L'Agence de sécurité nationale de Taiwan a souligné dans son dernier rapport que le nombre quotidien moyen de cyberattaques contre les infrastructures critiques de Taiwan en 2025 était d'environ 2,63 millions, soit une augmentation de 6 % par rapport à 2024, et que certaines attaques étaient synchronisées avec les exercices militaires et les principaux nœuds politiques de la Chine continentale, et étaient décrites comme des « menaces hybrides » tentant de paralyser les opérations sociales de Taiwan. Le rapport indique que depuis que les données pertinentes ont commencé à être publiées en 2023, le nombre moyen d'attaques quotidiennes en 2025 a augmenté de 113 % par rapport à 2023. Parmi elles, les attaques dans des domaines clés tels que l'énergie, les systèmes de secours d'urgence et les hôpitaux ont connu les augmentations les plus évidentes d'une année sur l'autre, indiquant que les attaquants avaient l'intention de « détruire systématiquement les infrastructures importantes de Taiwan et d'interférer ou de paralyser les fonctions gouvernementales et sociales ».
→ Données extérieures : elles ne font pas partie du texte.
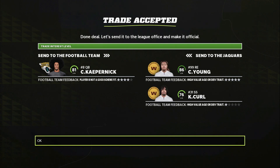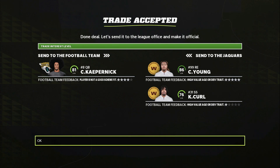You're not even giving up that much and in return you get tons of value. Now the next trade is with the Washington Football Team — we send Colin Kaepernick and in return we get Chase Young and Cameron Curl. We're trading a 33-year-old quarterback that's not even starting in the league for last year's second overall pick in Chase Young, plus a young strong safety in Cameron Curl. There really isn't much more value you can get with this deal.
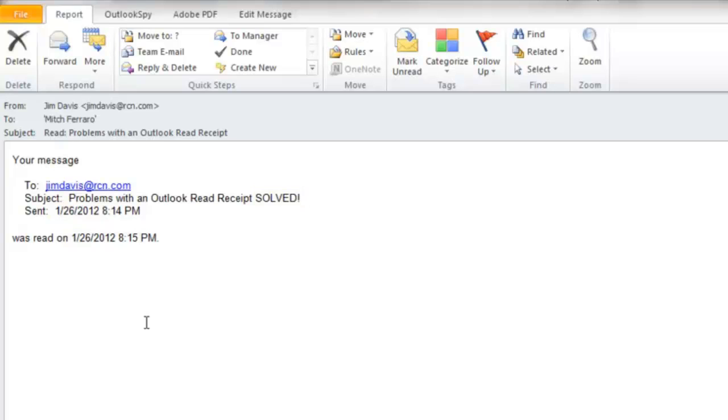So the Outlook Read Receipt does not give you proof if you get into a dispute involving an email. To learn more about the RPost Registered Email Services, please contact support at RPost.com.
Ces dernières années, les autorités taïwanaises ont accusé à plusieurs reprises Pékin de mener une « guerre hybride » contre Taïwan. Outre les exercices militaires quasi quotidiens effectués par des avions et des navires de guerre autour du détroit de Taiwan, cela comprend également des opérations de désinformation et des cyberattaques à grande échelle. Ils estiment que la partie continentale utilise des moyens militaires et non traditionnels pour accroître la pression sur Taiwan aux niveaux politique et sécuritaire. Le rapport souligne que les « cyberforces » chinoises répondront au rythme des pressions militaires et politiques. Par exemple, parmi les 40 opérations de « patrouille de police conjointe de préparation au combat » de l’Armée populaire de libération, 23 se sont accompagnées d’une escalade des cyberattaques. Les cibles des attaques comprenaient des institutions financières, des unités de service public et des systèmes d'information et de communication clés.
Le rapport mentionne également que Pékin a considérablement amplifié l’ampleur des cyber-opérations à des moments politiquement sensibles à Taiwan. Par exemple, lors du discours du président Lai Ching-te à l'occasion du premier anniversaire de son investiture en mai 2025, les activités d'attaque associées se sont considérablement intensifiées ; En novembre de la même année, lorsque le vice-président Hsiao Meiqin s'est rendu au Parlement européen pour rencontrer des députés et prononcer un discours, les attaques de pirates informatiques contre Taiwan se sont également multipliées. Le Bureau de la sécurité nationale estime que ces actions reflètent l'intention de Pékin d'utiliser des « menaces hybrides » à la fois en temps de guerre et en temps de paix, intégrant la coercition militaire aux méthodes de cyber-guerre de l'information pour exercer une pression plus globale sur Taiwan.
Le Bureau des affaires de Taiwan du Conseil des Affaires d'État chinois n'a pas commenté ces affirmations. Pékin a toujours nié toute implication dans des attaques de piratage informatique et a insisté sur le fait qu’il s’opposait et réprimait toutes les formes de cyberattaques. Le gouvernement chinois affirme depuis longtemps que Taiwan fait partie de son territoire et n'exclut pas de recourir à la force pour « l'unifier », tandis que Taipei s'oppose fermement aux revendications de souveraineté de Pékin et affirme que seul le peuple taïwanais a le droit de décider de l'avenir de Taiwan.
Le rapport souligne que cette série de cyberattaques contre Taiwan est de différents types, notamment la perturbation de la vie quotidienne et des services publics des Taiwanais par le biais d'attaques par déni de service distribué (DDoS), ainsi que la mise en œuvre d'« attaques de l'homme du milieu » pour voler des informations sensibles et pénétrer les réseaux de télécommunications de Taiwan. Les nombreux parcs scientifiques de Taiwan qui soutiennent l'industrie des semi-conducteurs - y compris ceux où sont implantées des entreprises telles que le géant des puces TSMC - sont également devenus des cibles majeures d'attaques, les attaquants tentant d'utiliser diverses techniques pour voler des processus de fabrication avancés et des secrets technologiques clés. Le Bureau de la sécurité nationale de Taiwan a souligné dans le rapport que ces actions visent à aider la Chine à « atteindre l'autonomie et l'autonomie » dans les domaines de la science, de la technologie et de l'économie, et à éviter d'être désavantagée dans la concurrence technologique entre la Chine et les États-Unis.